What I failed to consider is that life would not cease to occur around us; however special, a trip to savour the delights of two of Great Britian’s most influential chefs Rose Gray and Ruth Rogers – who, together trained and inspired Jamie Oliver – at their beautiful restaurant in Hammersmith, sadly did not ensure that the day was stress-free. A new job, long working hours, a grumpy parent causing –petty and pointless- emotional distress and sheer exhaustion collided between my companion and I as we openly shared our burdens of toil and frustration on the circuitous train journey to our heavenly destination. I am sure it is not surprising that train tedium did not do much to soothe our frazzled nerves.

Still, we finally arrived in good time and typically, I felt a lot less like Keira Knightly –sweeping effortlessly through the doors in Chanel Rouge – and related slightly more to the social awkwardness of a real-life Bridget Jones, surrounded by ‘upper-middle class twits’ as she herself delicately phrases it. In retrospect of this moment, my feelings of ridiculousness act almost as a forewarning –that I did not heed- instead, I reconciled myself to my social absurdity and focused on lubricating my palette.

The fruit of the season; a delightfully floral and nectar-honeyed pear coupled with frosted prosecco warmed the cockles of my soul and endeared my heart to The River Cafe- were I not already enchanted by many a recommendation and rumour, it would have been love at first sight. The beau was rapturously contented from the minute he got his mitts around a bottle of beer – simple pleasures for a simple fellow.

A quick glance down the length of this vibrantly bustling space and a large projected clock brought me up to speed as I realised that time had evaded me throughout our wearying travels. Despite the 9.15pm booking, we are speedily whisked through the suburban canteen of a restaurant and seemingly relocated at a humble table for two opposite the bar; time for wine. A careful scour of the menu and I saw nothing of familiarity and had not got a clue which wine to choose; I am so accustomed to choosing a Chardonnay Semillon that I was utterly flummoxed and felt a Bridget moment coming on. Opting for a stab-in-the-dark-lucky-dip approach, I pointed and picked a…Sardinian Vermentino ‘Crabilis’

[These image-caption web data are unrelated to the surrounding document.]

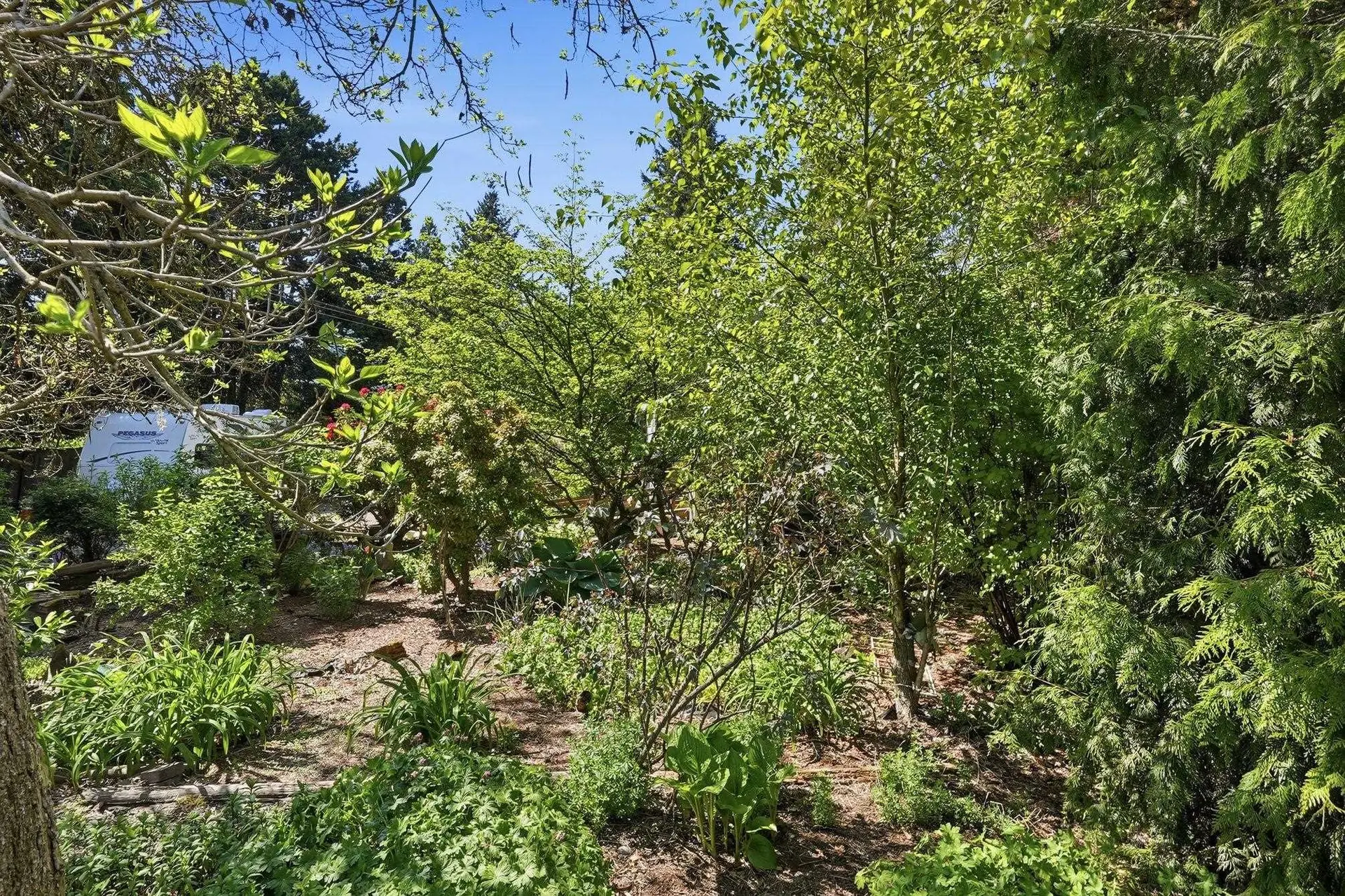 8983 Trattle Street - Image 14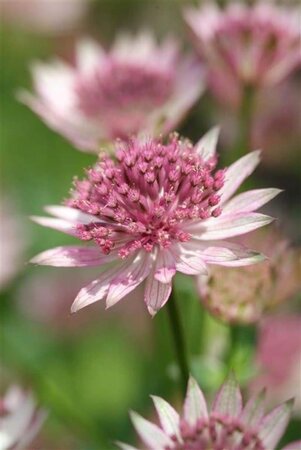 Astrantia maj. 'Roma' geen maat specificatie 0,55L/P9cm - afbeelding 8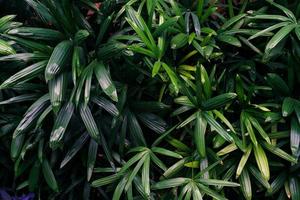 padrão de folhas verdes, palmeira da folha na floresta foto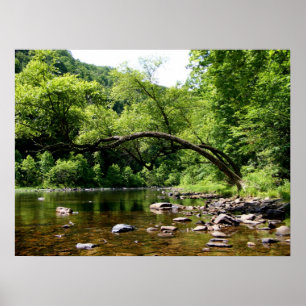 Póster Río de Greenbrier, WV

Lucky-dip wine No1 had an overpowering gooseberry sourness that followed my pear aperitif and made me want to cry acid. I was then recommended the Riesling of Trentino (south of the Tyrolean alps, which was still not quite what I was after, but frankly it complimented my companions antipasti of tender chargrilled squid with subtle chillies; the fusion of gentle aromatic warmth, softly smoky flesh and peppery rocket met with the citric syrup of the Riesling and the equilibrium was quite perfect.

Anticipating his gamey grouse, the beau was drinking a sharp and crimson-rich red, which I can’t believe met with his squid quite as harmoniously as my white; Oh the pleasure that can be sought through anti-analytical simplicity –if you happen to be of that breed.

Honestly, the squid could have stood alone; I could have polished it off easily with water- yes, tap water- and skipped straight to the cheque. No doubt I would be missing an important poetic romance of the experience – the myriad of elegant profundities of squid and chillies as enhanced by a buono vino. Believe me, Passion Pants (our saucy waiter) who was no doubt soused with frosty nectar himself, did much to educate me in the subtleties of authentic Italian cuisine; he was clearly motivated by the taste and experience of food, driven to share and inspire others with the joys of Italian food and not by the jingle-jangle-denim-pockets of regular clientele and investment bankers.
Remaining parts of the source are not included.